Monday, May 2, 2011

Review: Sweeney Todd

Back-to-back!  Another Tim Burton/Johnny Depp/Helena Bonham Carter piece:  Sweeney Todd: The Demon Barber of Fleet Street.

Sweeney Todd

Plot:  Benjamin Barker was a barber in London who was falsely accused of a crime by a corrupt judge.  He has returned from his imprisonment to find his wife dead and his daughter adopted by the same judge.  He now goes by the name of Sweeney Todd, and returns to his previous trade, taking up residence over the pie shop on Mrs. Lovett.  Todd, aided by Mrs. Lovett, begins a murderous quest for vengeance, while Mrs. Lovett's pie business booms as a side effect...

Dark humor, definitely!!  It's a dark story - love, revenge, murder, cannibalistic meat pies - but it's treated with a lighter touch, so that the funny points come through and the macabre doesn't overwhelm.  I guess you could say, it's gory at a few points, but tastefully done.  It's not a suspense movie, designed to subtly frighten you, and it's not a horror movie bloodbath.  The blood is present, and necessary, but not the focus in most scenes - I guess that's the best way to describe it.

I like musicals, even dark ones.  And Sondheim does do great music and lyrics, even if they aren't always the cheeriest stories out there (West Side Story, anyone?).  But hey, I love Les Mis, and a lot of Andrew Lloyd Weber pieces too, so a musical doesn't need to be cheery for me.  Interesting side note - Sondheim and Weber share a birthday!  Anyways, I've been humming several of the songs this past week, since watching the film, so that's always a good sign.  Being a movie musical, it doesn't have the full catalog of songs ("The Ballad of Sweeney Todd" by the chorus is gone, for example, since they don't need the backstory sung when Burton can film it) and a few of the pieces have shorter arrangements, but still good.  Already knowing the story (we have a cast recording at home of the 1979 Broadway version with Angela Lansbury), "Not While I'm Around" was one of my favorites - not necessarily humm-able, but throat-catching.  I definitely enjoyed the character of Toby.

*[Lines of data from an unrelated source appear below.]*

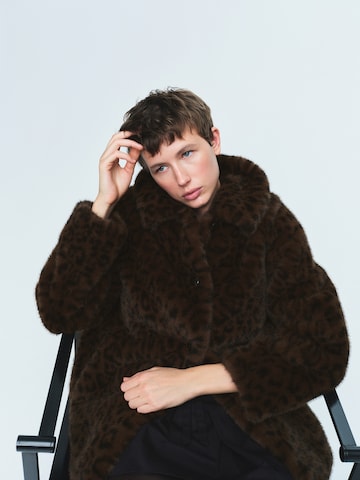 MANGOPrijelazni kaput 'ZURICH' - smeđa boja: prednji dio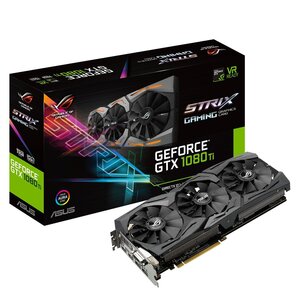 Asus GeForce GTX 1080 Ti 11GB OC (90YV0AM0-M0NM00)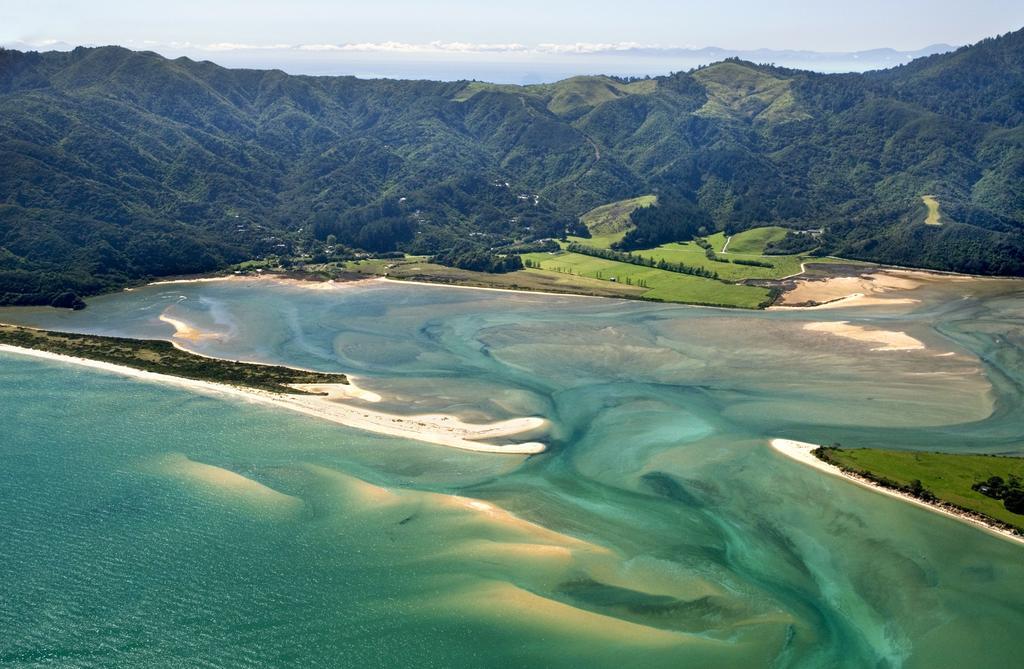 Golden Bay Hideaway Villa Takaka Eksteriør billede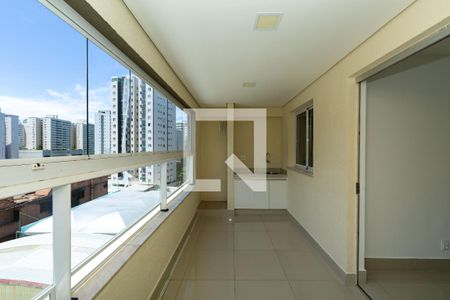 VARANDA GOURMET de apartamento à venda com 3 quartos, 106m² em Buritis, Belo Horizonte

And just because Depp and Bonham Carter always work with Burton wasn't a guarantee that they'd have parts in this one - they both had quotes about having to audition for Sondheim before getting a role and how nerve-wracking it was!  They both do well with the songs, even in accent.  Not Tony award winning or operatic ranges, but still well done.  Side note - the accents are kept through the songs.  It makes the songs more genuine, not quite so surreal as musicals can be, but it does make the lyrics hard to follow sometimes.  Let's face it, Cockney isn't the most enunciated accent!

They may not have spectacular vocal ranges, but they portray the characters very well.  Sweeney Todd is a man falling apart, driven by his revenge.  And Depp plays this beautifully.  Like I said last week, he does crazy well.  Here, it's more a depressed, disintegrating sort of madness, not the manic sort that the Hatter was.  And Bonham Carter makes a lovely sort of strong fragileness, with a madness of her own.  The two of them really do carry the show!

Thinking of cast - uncredited cameo by Anthony Head (Buffy's Giles) as a citizen in the street talking to Todd.  Don't blink or you'll miss it :)

Oh, and stupid notes from the IMDB boards... several commented on Danny Elfman's absence from the Burton usuals on this piece.  Duh - it's a musical, the score is already written, and anything that needed adjusting to fit the movie can be done by Sondheim himself!  Silly question...

Overall: 4.5 of 5.  Dark, darkly funny, and several memorable numbers.  The actors did a great job bringing it to life.  Not an 'upper' of a movie though - be forewarned.  Revenge, madness, murder are more on the menu than cheery songs and happy endings.